Do you think it is necessary to add SaveMode for Delete, Update, and Upsert? Such as:
- SaveMode.Delete
- SaveMode.Update
- SaveMode.Upsert
referring to the code: JdbcRelationProvider.scala
I've analyzed its code for SaveTable: JdbcUtils.scala, and think it is easy to extend current insert implementation with delete, update, and merge statements, e.g.:
def getDeleteStatement(table: String, rddSchema: StructType, dialect: JdbcDialect): String = {
val columns = rddSchema.fields.map(x => dialect.quoteIdentifier(x.name) + "=?").mkString(" AND ")
s"DELETE FROM ${table.toUpperCase} WHERE $columns"
}
def getUpdateStatement(table: String, rddSchema: StructType, priKeys: Seq[String], dialect: JdbcDialect): String = {
val fullCols = rddSchema.fields.map(x => dialect.quoteIdentifier(x.name))
val priCols = priKeys.map(dialect.quoteIdentifier(_))
val columns = (fullCols diff priCols).map(_ + "=?").mkString(",")
val cnditns = priCols.map(_ + "=?").mkString(" AND ")
s"UPDATE ${table.toUpperCase} SET $columns WHERE $cnditns"
}
def getMergeStatement(table: String, rddSchema: StructType, priKeys: Seq[String], dialect: JdbcDialect): String = {
val fullCols = rddSchema.fields.map(x => dialect.quoteIdentifier(x.name))
val priCols = priKeys.map(dialect.quoteIdentifier(_))

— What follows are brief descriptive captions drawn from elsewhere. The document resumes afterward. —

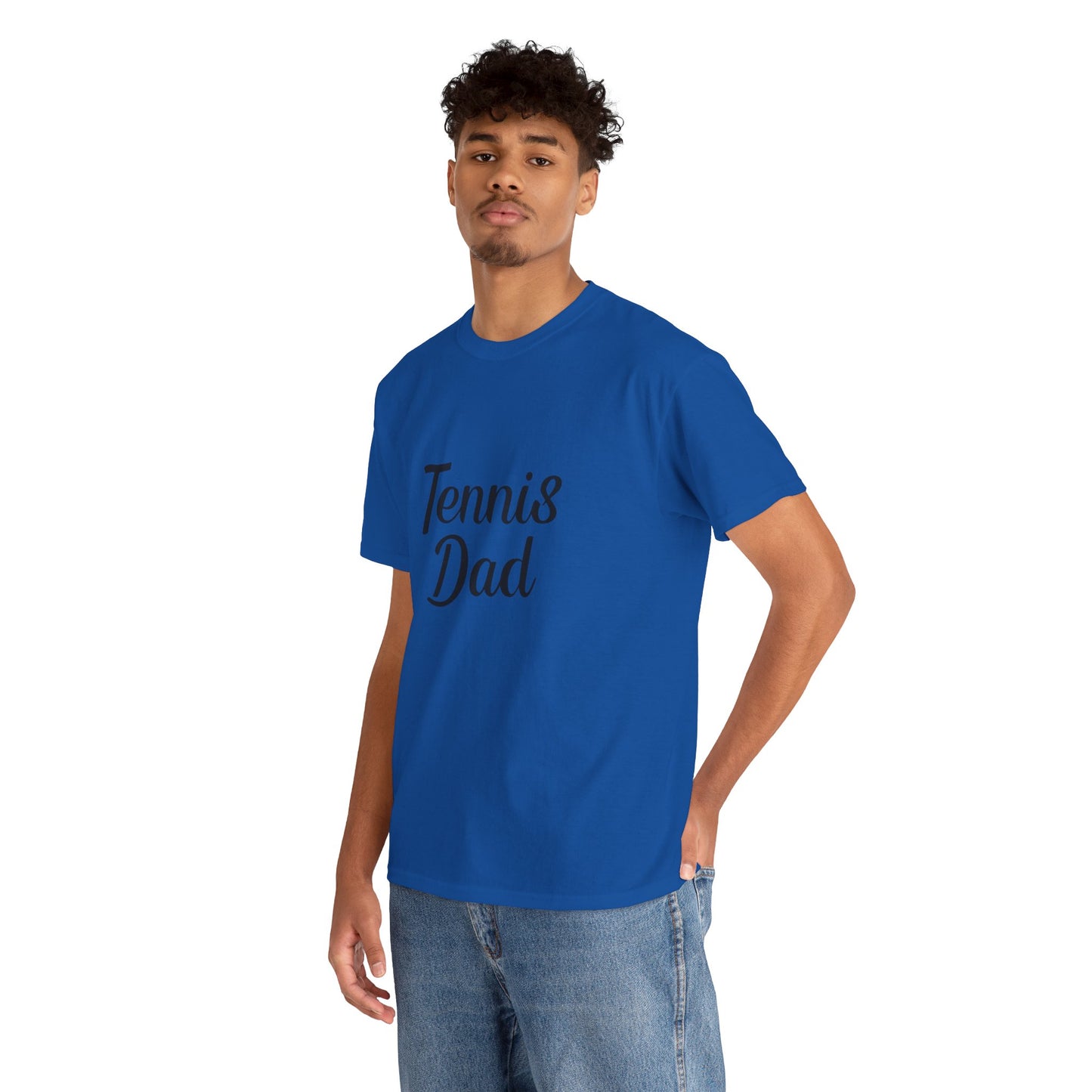 Tennis Dad | Cotton Short Sleeve Tee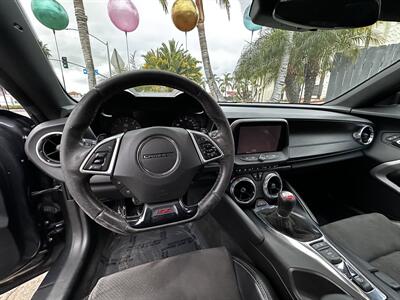 2018 Chevrolet Camaro SS * 1 LE TRACK PACKAGE * V8 * 6 SPEED *   - Photo 28 - Vista, CA 92084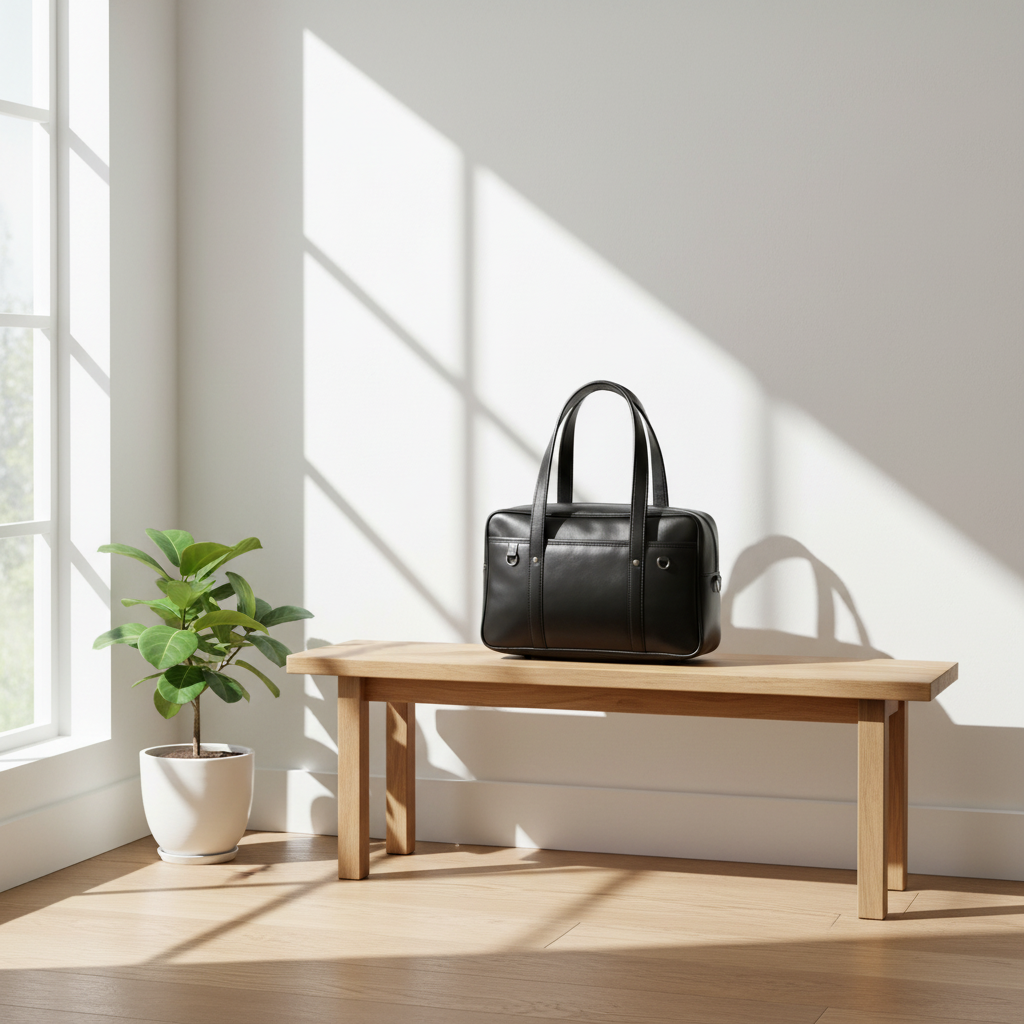 Sac dans une entrée nordique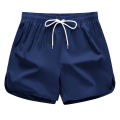 Men's Gym Workout Running Shorts Summer Athletic Quick Dry Breathable Shorts with Drawstring Elastic Waist Split Hem Activewear. 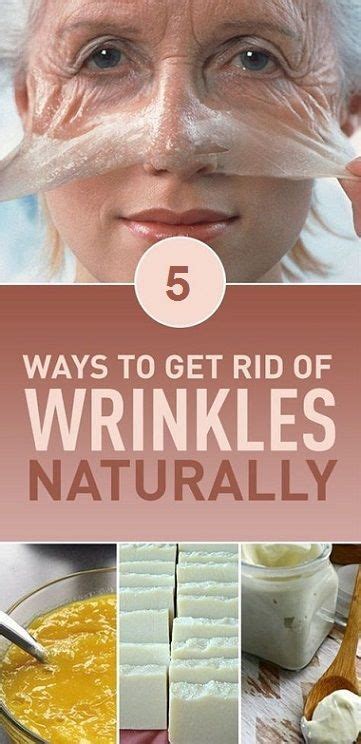 5 Simple Ways To Get Rid Of Wrinkles Naturally Homemade Wrinkle Cream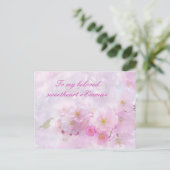 Vykort — Romance Postkarte (Stehend Vorderseite)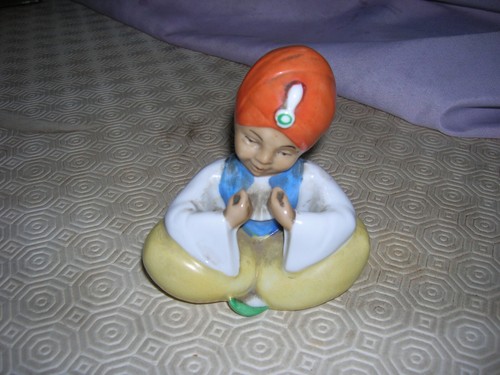 Vizir fakir porcelaine - vizir,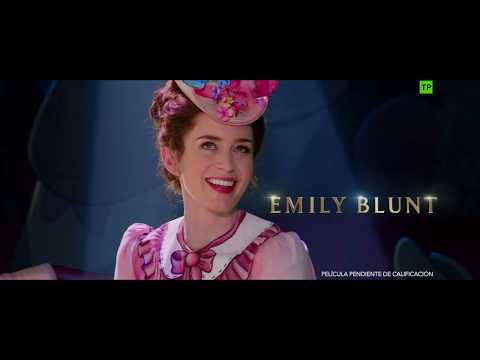 Trailer en español de El regreso de Mary Poppins
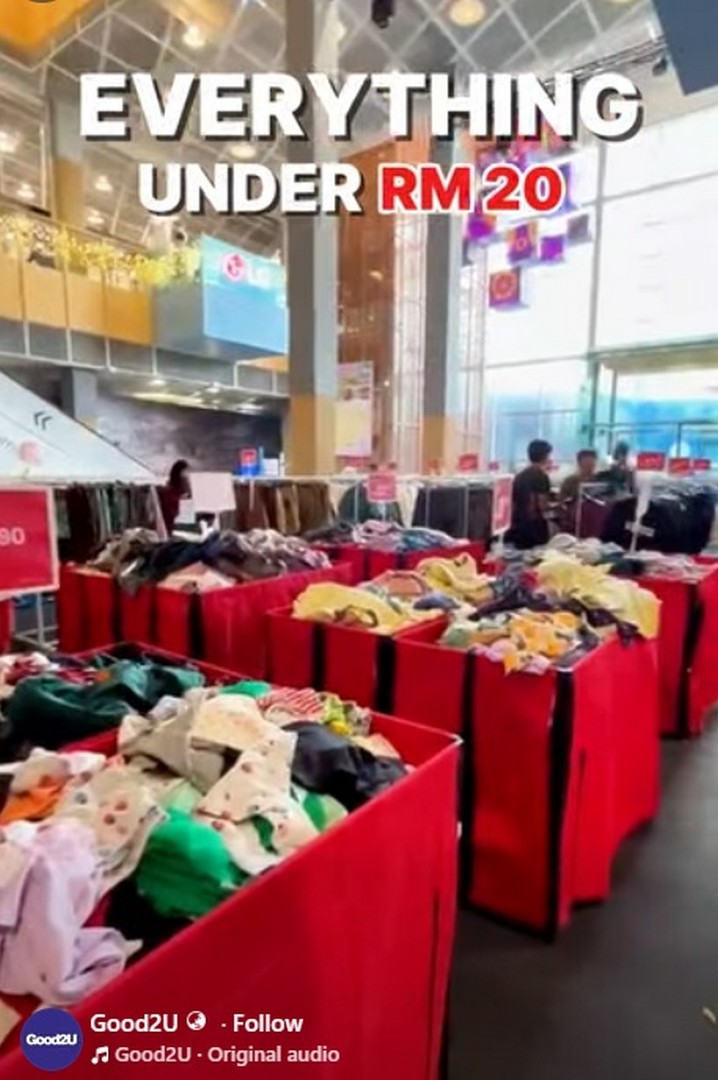 Good2U-Warehouse-Sale-at-IPC-Shopping-Centre 23 June – 5 July 2026: Good2U Warehouse Sale at IPC Shopping Centre – Fashion Deals from RM2+ for Men, Women, Kids and Sportswear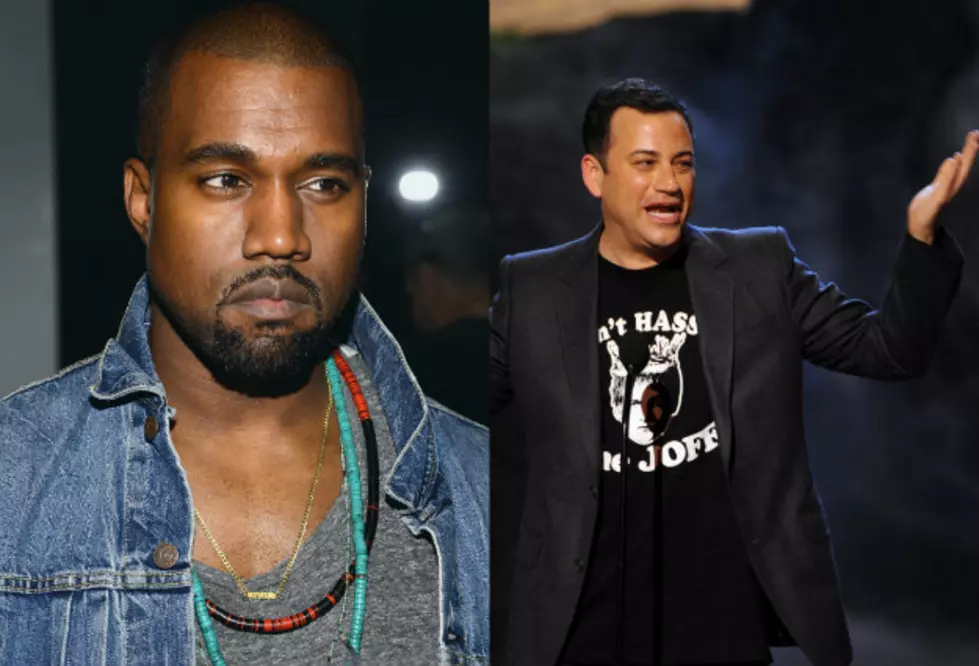 Kanye West Goes After Jimmy Kimmel Over A Parody Skit [Video]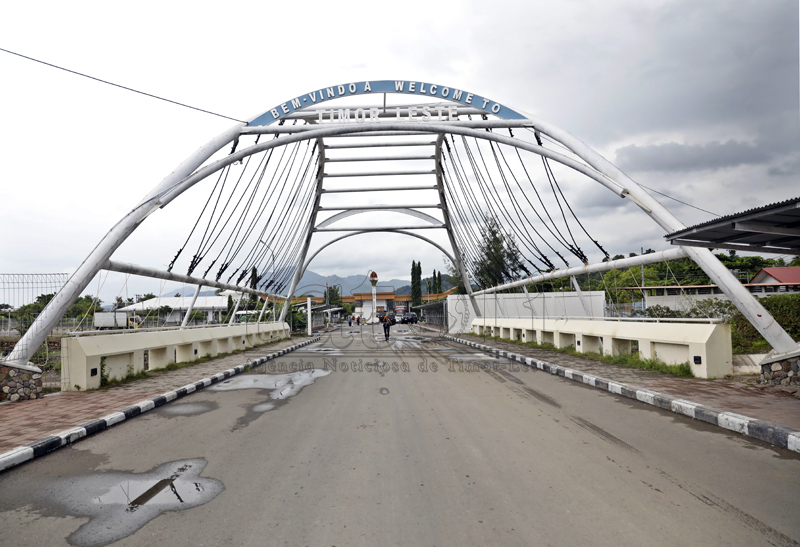 Superintendente Xefe Caslisto promete sei intensifika relasaun amizade ho TNI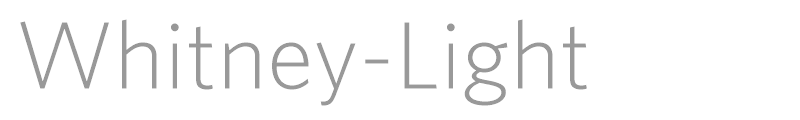 Whitney-Light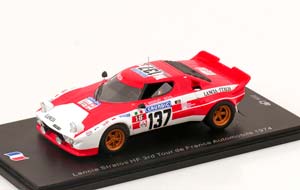 LANCIA STRATOS HF NO 137 TOUR DE FRANCE 1974
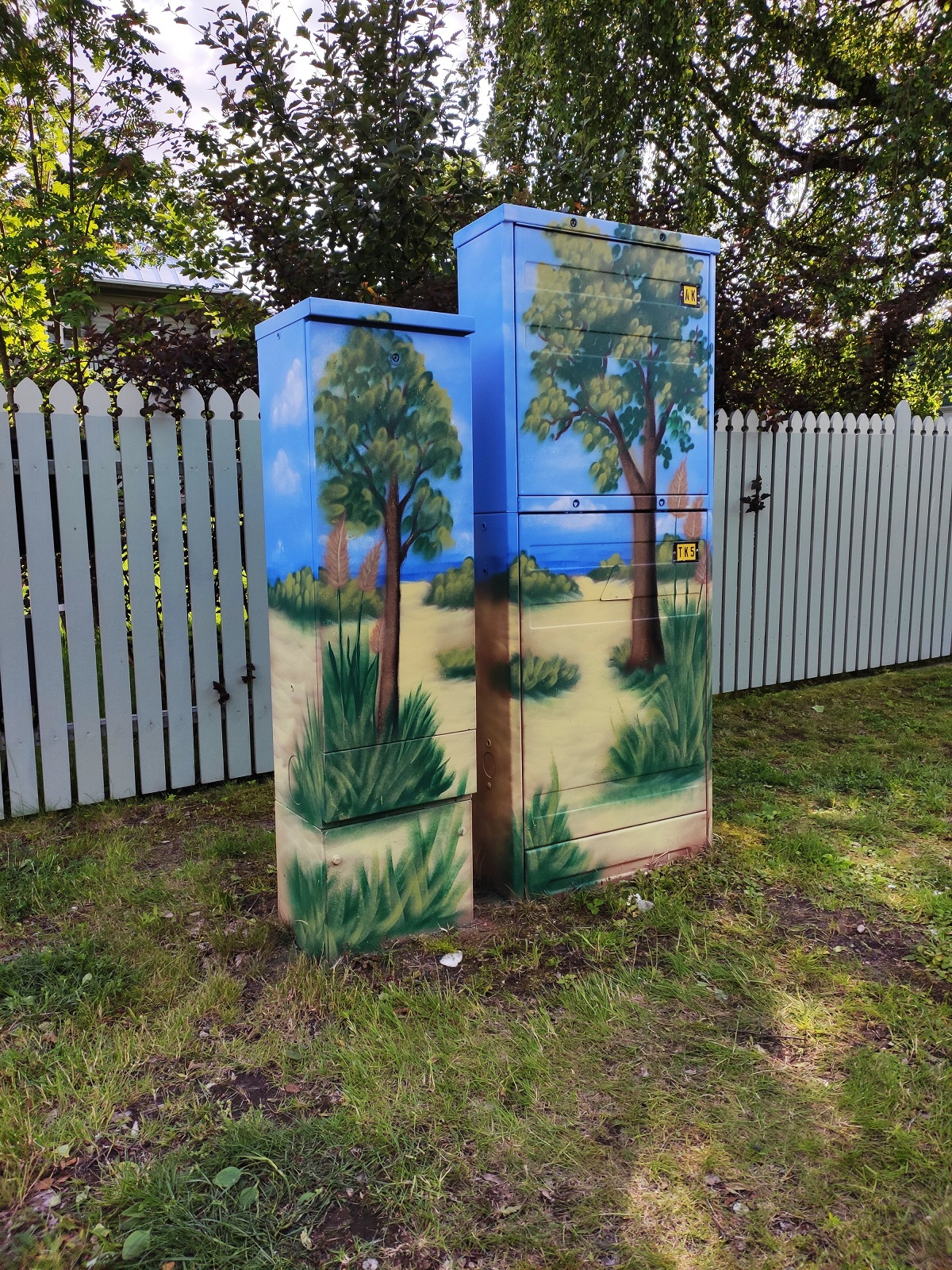 Rannamaaling elektrikilbil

val nrmCols = fullCols diff priCols
val fullPart = fullCols.map(c => s"${dialect.quoteIdentifier("SRC")}.$c").mkString(",")
val priPart = priCols.map(c => s"${dialect.quoteIdentifier("TGT")}.$c=${dialect.quoteIdentifier("SRC")}.$c").mkString(" AND ")
val nrmPart = nrmCols.map(c => s"$c=${dialect.quoteIdentifier("SRC")}.$c").mkString(",")
val columns = fullCols.mkString(",")
val placeholders = fullCols.map(_ => "?").mkString(",")
s"MERGE INTO ${table.toUpperCase} AS ${dialect.quoteIdentifier("TGT")} " +
s"USING TABLE(VALUES($placeholders)) " +
s"AS ${dialect.quoteIdentifier("SRC")}($columns) " +
s"ON $priPart " +
s"WHEN NOT MATCHED THEN INSERT ($columns) VALUES ($fullPart) " +
s"WHEN MATCHED THEN UPDATE SET $nrmPart"
}
The only extra thing is that we need provide primary keys for them, and they could call the same savePartition function just replacing insertStmt with runningStmt covering all insert/delete/update/merge.
def savePartition(
getConnection: () => Connection,
table: String,
iterator: Iterator[Row],
rddSchema: StructType,
insertStmt: String,
batchSize: Int,
dialect: JdbcDialect,
isolationLevel: Int,
options: JDBCOptions): Iterator[Byte]